| ACTIVITY |
Would you print the lines below exactly, beginning at the line that has "Fashion-ID 4mm Silicone" and stopping after the line that has "Womens gymshark grey leggings size xs."? Only those lines, and no pictures.

| INFORMATION PROVIDED |
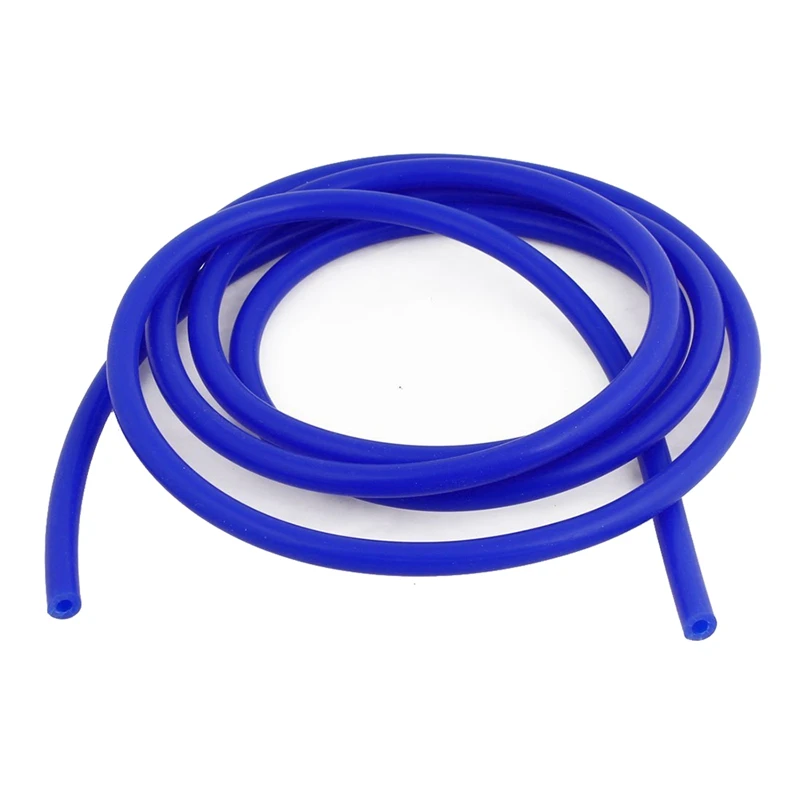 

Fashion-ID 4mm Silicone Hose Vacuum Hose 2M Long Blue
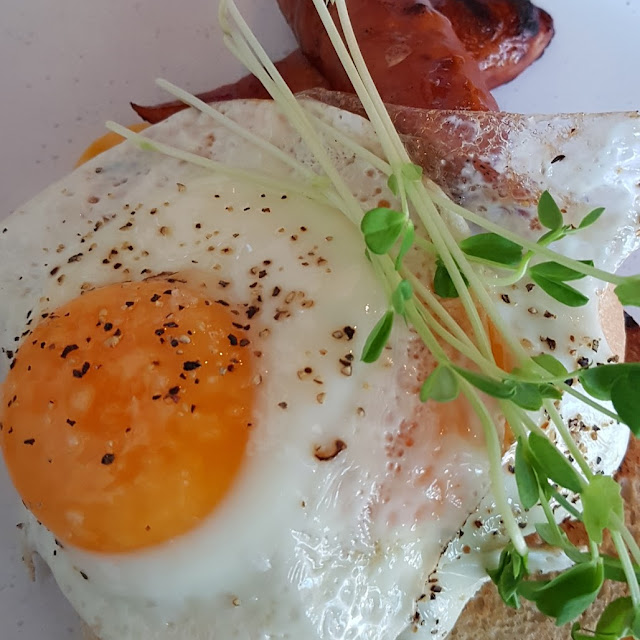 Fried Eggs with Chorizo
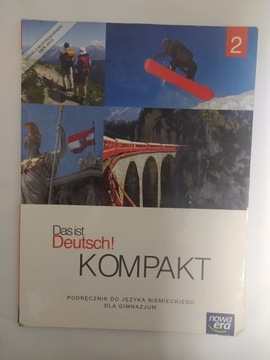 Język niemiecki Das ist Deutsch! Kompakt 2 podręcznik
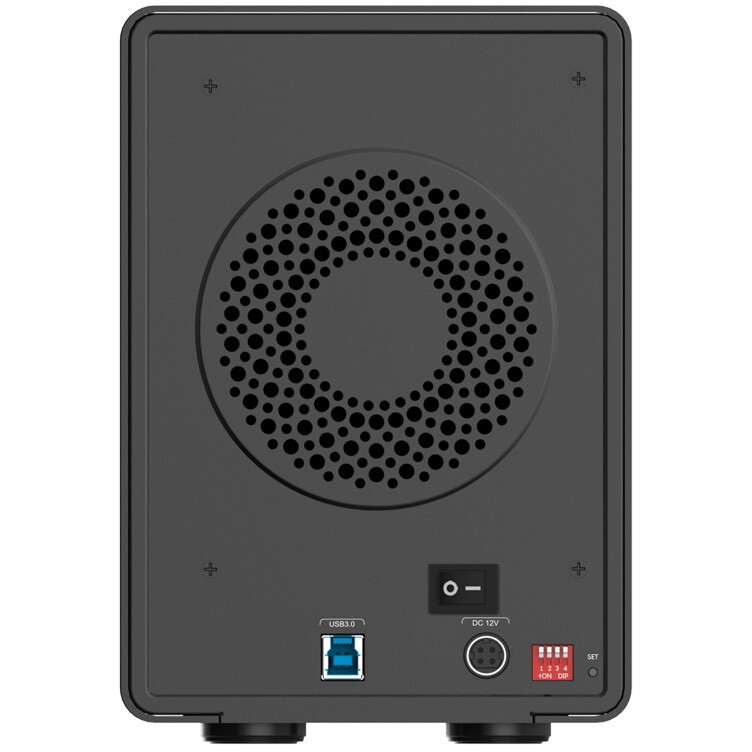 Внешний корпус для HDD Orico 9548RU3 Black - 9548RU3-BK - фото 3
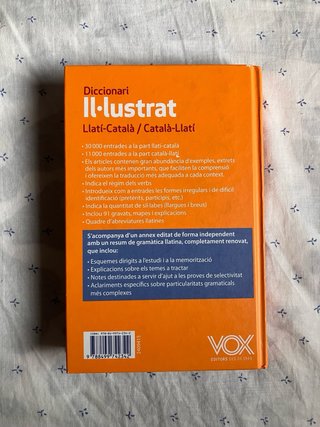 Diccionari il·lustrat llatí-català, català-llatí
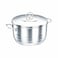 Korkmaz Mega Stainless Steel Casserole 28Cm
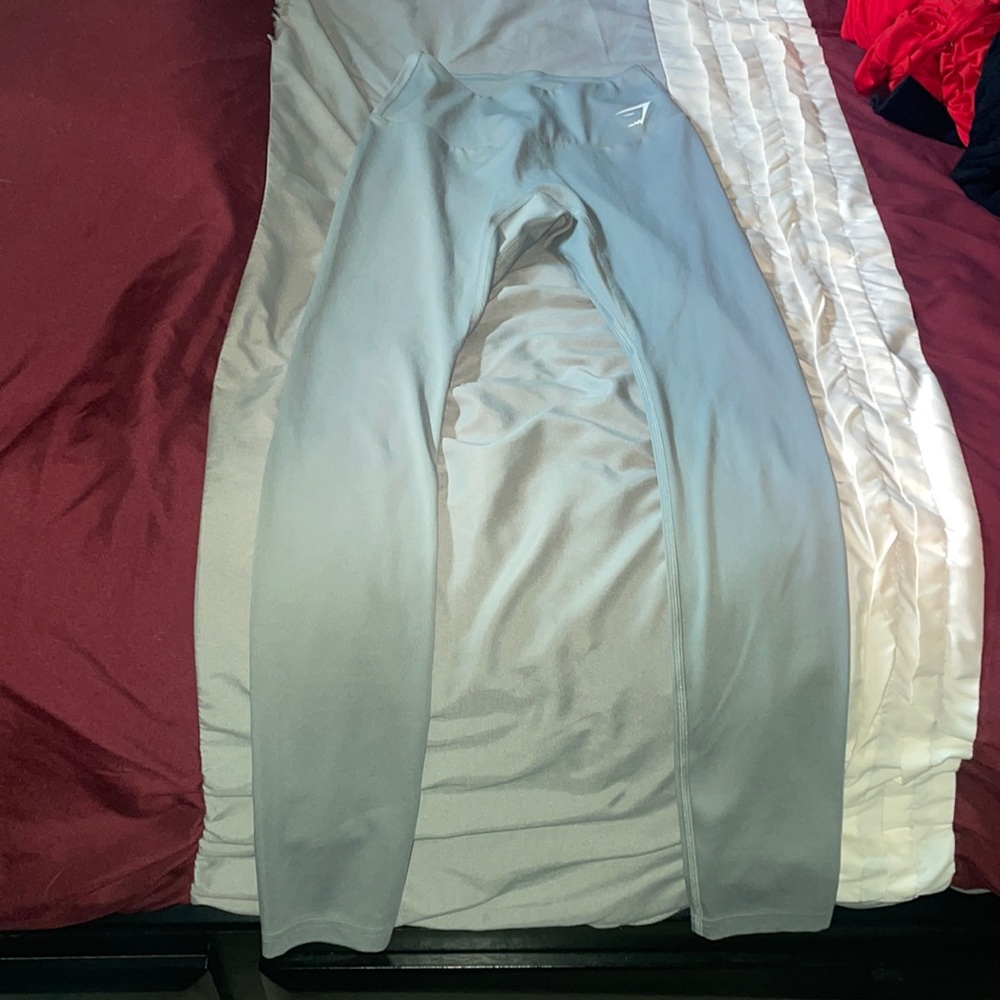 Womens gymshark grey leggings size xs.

* * *

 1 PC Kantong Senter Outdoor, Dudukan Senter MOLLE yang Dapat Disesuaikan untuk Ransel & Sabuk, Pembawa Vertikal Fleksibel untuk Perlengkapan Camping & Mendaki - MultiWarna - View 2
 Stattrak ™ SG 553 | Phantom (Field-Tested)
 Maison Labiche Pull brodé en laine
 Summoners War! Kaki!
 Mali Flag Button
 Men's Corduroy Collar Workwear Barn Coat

| RESPONSE TO THIS TASK |
Fashion-ID 4mm Silicone Hose Vacuum Hose 2M Long Blue
 Fried Eggs with Chorizo
 Język niemiecki Das ist Deutsch! Kompakt 2 podręcznik
 Внешний корпус для HDD Orico 9548RU3 Black - 9548RU3-BK - фото 3
 Diccionari il·lustrat llatí-català, català-llatí
 Korkmaz Mega Stainless Steel Casserole 28Cm
 Womens gymshark grey leggings size xs.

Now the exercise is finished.